Category Archives: Vintage Classics

Read 9 of 2022. Mrs. Dalloway by Virginia Woolf

Mrs. Dalloway by Virginia Woolf

Title: Mrs. Dalloway
Author: Virginia Woolf
Publisher: Vintage Classics
ISBN: 978-0-593-31180-6
Genre: Classics
Pages: 240
Source: Publisher
Rating: 5/5

This was my fourth reading of Mrs. Dalloway. The fourth time when I would go back to the book, as if it were the first time, and it would reveal itself a little more, another insight, maybe not, maybe just the usual run-of-the-mill circadian novel that it is, but not monotonous. Never uninteresting, and most certainly never out of touch with the contemporary landscape of emotion and thought.

Mrs. Dalloway is a book about community than just one person. It is about illness, suffering, love, sensations that merge together in sentences that portray that at every page. Clarissa is a protagonist who isn’t likeable and yet you relate, you empathise, you find yourself being a part of her world – and more than anything of the banal every day. Whether it is through the life of Septimus Smith or that of Peter Walsh or even Rezia – who is the most sympathetic character, it is all the every day.
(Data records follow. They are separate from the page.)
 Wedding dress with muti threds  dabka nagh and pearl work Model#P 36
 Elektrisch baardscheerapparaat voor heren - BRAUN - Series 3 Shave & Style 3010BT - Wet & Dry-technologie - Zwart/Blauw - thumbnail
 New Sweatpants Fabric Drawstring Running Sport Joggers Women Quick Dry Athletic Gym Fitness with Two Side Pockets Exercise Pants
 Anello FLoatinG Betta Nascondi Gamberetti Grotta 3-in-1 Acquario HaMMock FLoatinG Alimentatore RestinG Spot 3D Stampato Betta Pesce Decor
A Groundhog Day kind of scenario, but the one that is perhaps bearable, tolerable to read during a pandemic – the prose saves you.

So, then what is Mrs. Dalloway about? A day in the life of someone who wants to throw a party? A day in the lives of people who are as confused and torn apart in a world that didn’t opt to live in?  Why do so many readers, year on year, want to read Mrs. Dalloway? What is it about this novel? Maybe because the characters are flawed and fail constantly. Maybe because it is about younger generations, trying to find a way after the war and not knowing what to do. It is about Clarissa’s regret – of being married to the wrong person and not being able to make the choices she wanted to. It is about declaration of life, and yet ironically not living. It is about how Peter and Clarissa move through the party and the incidents that occur during the course of a single day – merging the past, the present, and the probable future.
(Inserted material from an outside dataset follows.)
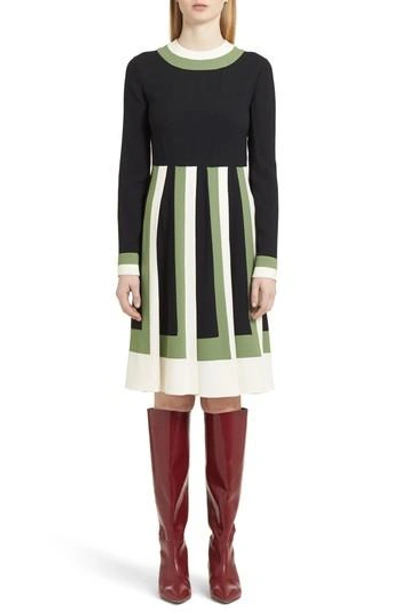 Shop Valentino Multicolor Pleat Crepe Dress In Ivory/ Black/ Green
The inner lives of characters more than just shine through Woolf’s writing. They gleam, they break apart, and they also reflect the lack of profundity. There is a lot of suffering – some latent and some on the surface, and there is no redemption for anyone. Mrs. Dalloway is constantly asking questions that one cannot answer: Why do we die? Why must we die? What is living? It asks this of a world that is ignorant to them – a world that engages in a party, in life, in the hopeless optimism that life is worth something, only to realize the mediocrity of the living, and even then to turn a blind eye to it.

Read 3 of 2022. In Praise of Shadows by Jun’ichirō Tanizaki. Translated from the Japanese by Thomas J. Harper and Edward G. Seidensticker

In Praise of Shadows by Jun'Ichirō Tanizaki

Title: In Praise of Shadows Author: Jun’ichirō Tanizaki
Translated from the Japanese by Thomas J. Harper and Edward G. Seidensticker Publisher: Vintage Classics
ISBN: 9781784875572
Genre: Nonfiction, Design
Pages: 128
Source: Personal Copy
Rating: 5/5

I have always wanted to read this book, and #JanuaryinJapan made me get to it sooner than later. I must say though that I loved it through and through, no matter how outdated some of the ideas may seem in today’s time and age.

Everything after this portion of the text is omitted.